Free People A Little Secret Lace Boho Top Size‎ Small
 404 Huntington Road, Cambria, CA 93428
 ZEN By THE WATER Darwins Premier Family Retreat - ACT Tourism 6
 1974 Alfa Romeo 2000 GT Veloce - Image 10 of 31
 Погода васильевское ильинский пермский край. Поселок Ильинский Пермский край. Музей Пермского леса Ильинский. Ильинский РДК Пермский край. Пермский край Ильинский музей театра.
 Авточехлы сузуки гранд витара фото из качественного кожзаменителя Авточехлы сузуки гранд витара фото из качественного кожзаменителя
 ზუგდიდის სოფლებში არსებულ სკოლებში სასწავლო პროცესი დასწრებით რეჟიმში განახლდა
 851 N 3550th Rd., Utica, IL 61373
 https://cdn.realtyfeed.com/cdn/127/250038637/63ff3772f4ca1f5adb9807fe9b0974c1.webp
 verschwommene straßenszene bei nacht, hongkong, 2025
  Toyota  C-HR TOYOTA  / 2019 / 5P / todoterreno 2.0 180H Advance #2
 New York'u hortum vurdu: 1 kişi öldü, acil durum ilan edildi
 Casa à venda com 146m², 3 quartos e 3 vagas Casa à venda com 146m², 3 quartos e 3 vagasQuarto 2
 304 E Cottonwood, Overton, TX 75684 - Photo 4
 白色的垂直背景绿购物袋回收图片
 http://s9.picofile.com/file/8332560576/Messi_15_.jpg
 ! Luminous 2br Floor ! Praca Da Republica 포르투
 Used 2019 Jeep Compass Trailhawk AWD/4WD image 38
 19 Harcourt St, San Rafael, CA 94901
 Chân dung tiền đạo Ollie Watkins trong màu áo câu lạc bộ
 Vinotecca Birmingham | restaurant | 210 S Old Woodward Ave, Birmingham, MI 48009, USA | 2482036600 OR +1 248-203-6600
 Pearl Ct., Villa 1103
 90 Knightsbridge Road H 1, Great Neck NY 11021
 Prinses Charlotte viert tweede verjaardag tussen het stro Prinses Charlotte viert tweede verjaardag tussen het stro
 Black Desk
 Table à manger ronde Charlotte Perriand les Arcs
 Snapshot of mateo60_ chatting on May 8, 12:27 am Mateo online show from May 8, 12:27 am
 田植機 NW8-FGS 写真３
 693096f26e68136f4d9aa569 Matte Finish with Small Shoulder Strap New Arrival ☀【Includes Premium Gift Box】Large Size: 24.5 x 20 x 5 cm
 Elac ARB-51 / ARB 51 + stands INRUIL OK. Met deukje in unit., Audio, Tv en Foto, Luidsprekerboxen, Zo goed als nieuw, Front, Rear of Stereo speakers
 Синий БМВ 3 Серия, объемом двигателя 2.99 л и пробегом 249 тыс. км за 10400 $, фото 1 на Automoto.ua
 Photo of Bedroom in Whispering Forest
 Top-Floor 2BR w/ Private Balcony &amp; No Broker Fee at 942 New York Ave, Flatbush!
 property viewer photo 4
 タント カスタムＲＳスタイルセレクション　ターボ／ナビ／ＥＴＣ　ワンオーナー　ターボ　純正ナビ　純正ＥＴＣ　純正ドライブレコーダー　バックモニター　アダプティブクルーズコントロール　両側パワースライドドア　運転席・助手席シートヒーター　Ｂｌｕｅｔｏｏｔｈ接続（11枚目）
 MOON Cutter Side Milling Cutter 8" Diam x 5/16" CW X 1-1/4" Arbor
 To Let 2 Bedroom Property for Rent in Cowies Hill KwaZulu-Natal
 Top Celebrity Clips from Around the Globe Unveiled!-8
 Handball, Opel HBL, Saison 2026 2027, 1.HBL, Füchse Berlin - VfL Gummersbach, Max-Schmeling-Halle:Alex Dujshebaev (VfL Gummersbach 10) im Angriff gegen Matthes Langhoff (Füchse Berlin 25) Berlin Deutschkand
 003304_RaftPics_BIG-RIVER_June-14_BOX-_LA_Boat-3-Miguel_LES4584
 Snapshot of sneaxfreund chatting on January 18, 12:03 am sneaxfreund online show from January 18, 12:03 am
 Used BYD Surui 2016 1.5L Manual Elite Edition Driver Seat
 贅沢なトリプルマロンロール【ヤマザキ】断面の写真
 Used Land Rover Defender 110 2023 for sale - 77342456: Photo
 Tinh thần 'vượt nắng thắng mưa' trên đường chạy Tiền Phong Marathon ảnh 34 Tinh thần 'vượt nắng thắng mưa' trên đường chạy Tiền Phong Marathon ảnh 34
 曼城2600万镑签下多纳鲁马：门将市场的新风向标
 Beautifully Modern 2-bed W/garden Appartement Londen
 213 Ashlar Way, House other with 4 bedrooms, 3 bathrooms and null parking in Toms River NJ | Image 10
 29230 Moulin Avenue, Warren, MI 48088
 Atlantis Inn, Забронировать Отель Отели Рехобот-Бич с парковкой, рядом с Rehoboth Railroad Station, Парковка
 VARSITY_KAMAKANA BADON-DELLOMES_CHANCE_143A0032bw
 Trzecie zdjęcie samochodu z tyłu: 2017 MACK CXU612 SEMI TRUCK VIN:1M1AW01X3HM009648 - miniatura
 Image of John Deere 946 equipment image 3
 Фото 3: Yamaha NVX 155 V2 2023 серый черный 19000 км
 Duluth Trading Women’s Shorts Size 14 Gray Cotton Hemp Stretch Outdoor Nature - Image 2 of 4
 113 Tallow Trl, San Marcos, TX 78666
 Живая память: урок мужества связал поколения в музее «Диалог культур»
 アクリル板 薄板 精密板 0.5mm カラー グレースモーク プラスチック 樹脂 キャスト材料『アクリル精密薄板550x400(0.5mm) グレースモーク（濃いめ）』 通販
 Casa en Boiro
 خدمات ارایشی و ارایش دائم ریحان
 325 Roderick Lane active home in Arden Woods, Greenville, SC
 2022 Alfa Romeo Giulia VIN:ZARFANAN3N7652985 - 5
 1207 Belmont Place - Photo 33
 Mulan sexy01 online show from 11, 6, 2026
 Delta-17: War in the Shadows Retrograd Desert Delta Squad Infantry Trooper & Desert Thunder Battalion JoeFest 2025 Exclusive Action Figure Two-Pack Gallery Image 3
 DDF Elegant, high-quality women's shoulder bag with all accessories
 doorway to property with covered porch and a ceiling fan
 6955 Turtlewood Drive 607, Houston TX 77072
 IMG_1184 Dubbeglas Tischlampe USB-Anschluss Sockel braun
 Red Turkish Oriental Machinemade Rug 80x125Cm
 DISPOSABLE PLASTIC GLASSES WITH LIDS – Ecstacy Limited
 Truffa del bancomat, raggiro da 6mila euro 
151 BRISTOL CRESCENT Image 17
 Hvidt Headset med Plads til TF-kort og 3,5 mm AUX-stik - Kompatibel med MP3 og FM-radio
--------------------------------
### Exercise details
Would you print exactly and only the lines of the material above that run from the line with "ზუგდიდის სოფლებში არსებულ" through the line with "Table à manger", both included?

### Completed task
 ზუგდიდის სოფლებში არსებულ სკოლებში სასწავლო პროცესი დასწრებით რეჟიმში განახლდა
 851 N 3550th Rd., Utica, IL 61373
 https://cdn.realtyfeed.com/cdn/127/250038637/63ff3772f4ca1f5adb9807fe9b0974c1.webp
 verschwommene straßenszene bei nacht, hongkong, 2025
  Toyota  C-HR TOYOTA  / 2019 / 5P / todoterreno 2.0 180H Advance #2
 New York'u hortum vurdu: 1 kişi öldü, acil durum ilan edildi
 Casa à venda com 146m², 3 quartos e 3 vagas Casa à venda com 146m², 3 quartos e 3 vagasQuarto 2
 304 E Cottonwood, Overton, TX 75684 - Photo 4
 白色的垂直背景绿购物袋回收图片
 http://s9.picofile.com/file/8332560576/Messi_15_.jpg
 ! Luminous 2br Floor ! Praca Da Republica 포르투
 Used 2019 Jeep Compass Trailhawk AWD/4WD image 38
 19 Harcourt St, San Rafael, CA 94901
 Chân dung tiền đạo Ollie Watkins trong màu áo câu lạc bộ
 Vinotecca Birmingham | restaurant | 210 S Old Woodward Ave, Birmingham, MI 48009, USA | 2482036600 OR +1 248-203-6600
 Pearl Ct., Villa 1103
 90 Knightsbridge Road H 1, Great Neck NY 11021
 Prinses Charlotte viert tweede verjaardag tussen het stro Prinses Charlotte viert tweede verjaardag tussen het stro
 Black Desk
 Table à manger ronde Charlotte Perriand les Arcs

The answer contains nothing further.